Débat aux Etats-Unis avec Kennedy Jr
Si les effets délétères du distilbène, y compris sur plusieurs générations, qui ont valu une indemnisation record d’1,7 M€ à une victime, en 2011, ne sont pas discutés, la question du rôle du cerveau dans le sentiment d’être fille ou garçon reste hautement sensible.
Une étude de chercheurs de l’Université de Stanford (Californie), qui concluaient le mois dernier qu’hommes et femmes sont sexués par leur cerveau, a touché un « sujet inflammable », dit le journal Le Monde, qui relaie les conclusions.
Aux Etats-Unis, Robert F. Kennedy Jr, neveu de John Fitzgerald, porteur d’une « troisième voie » entre Trump et Biden, a fait des perturbateurs endocriniens un sujet de campagne. Mais en s’engouffrant sans mesure dans l’idée simpliste d’un lien direct entre les substances chimiques présentes dans l’eau que boivent les enfants et leur sexualité future, qu’ils soient homosexuels ou transgenre, le candidat indépendant, taxé de « complotisme », s’attire les foudres des scientifiques.
« Marie-Odile Soyer-Gobillard nous a sensibilisés depuis plusieurs années sur la base des témoignages qu’elle recevait. La communauté médicale est très frileuse sur ces questions alors que la prévalence des troubles de l’identité de genre, susceptible d’apparaître dans l’enfance, augmente. L’an dernier, quand le sujet a été abordé dans un congrès d’endocrinologie, nos recherches ont reçu un accueil glacial », se souvient Laura Gaspari.
« On a pris du temps pour écrire l’article, le sujet dérange », conclut l’endocrinologue. A minima, il interroge.
Marie-Odile Soyer-Gobillard : « Un travail pionnier »
Présidente de l’association Hhorages, Marie-Odile Soyer-Gobillard a mis sa cohorte de patients au service de la recherche, qu’il s’agisse des équipes d’endocrinologie pédiatrique ou de psychiatrie du CHU de Montpellier ou de l’équipe de psychiatrie moléculaire de l’hôpital Sainte-Anne à Paris. Dans « Une résilience », paru en 2022, elle fait état des recherches sur les effets toxiques du Distilbène et raconte son histoire de mère de deux enfants nés sous DES et disparus tragiquement, ainsi que celle d’autres victimes. L’association et la sculpture (les oeuvres en photo sont les siennes) l’ont « sauvée » dit-elle.

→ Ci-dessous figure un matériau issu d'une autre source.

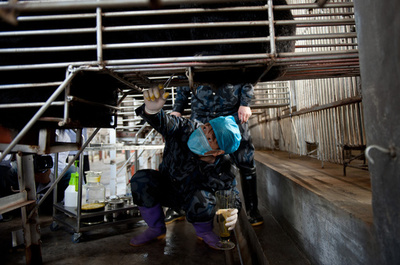 クマの胆汁を新型ウイルス治療に 中国が使用承認、批判集まる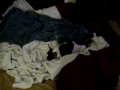 Taco the Stud Chi!! Lookin for love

Dans quelles conditions sont arrivés les témoignages de ces hommes nés sous Distilbène, qui se sont toujours sentis femmes ?
J’ai reçu les trois premiers courriers en 2015. On a posé les mêmes questions à nos témoins : est-ce qu’ils avaient une malfformation génitale à la naissance, est-ce qu’ils avaient changé de sexe, un bilan hormonal avait-il été réalisé à cette occasion, depuis quand se sentaient-ils filles.
Ces premiers témoignages ont donné lieu à un article préliminaire présenté au colloque de gynécologie de Paris, en 2016. Il n’y a eu aucun retentissement. Le sujet est très polémique, il faut être très prudent, c’est un travail pionnier et il était pour cela important d’associer Scott Kerlin à l’étude, il est à la tête de la principale association de patients DES aux Etats-Unis.
La cohorte sur laquelle vous travaillez est suffisamment importante pour ne pas prêter à la critique, vous avez quatre transsexuelles…
Oui, elle est inscrite au portail épidémiologique de l’Inserm. Avec 1200 mères et près de 2000 enfants, c’est une cohorte importante.
Vous donnez la parole à quelques-uns de ces témoins dans votre livre « Une résilience ou les trois Marie-Odile, le combat d’une scientifique contre les hormones de synthèse ». Que deviennent-ils ?
Trois ont changé de genre, elles sont photographe, compositeur, professeure d’ULM. Elles ont été mariées en tant qu’hommes et ont des enfants, parfois avec des problèmes de santé en raison des effets transgénérationnels du Distilbène.
Elles témoignent toutes de l’épreuve qu’elles ont traversée, c’est difficile à vivre.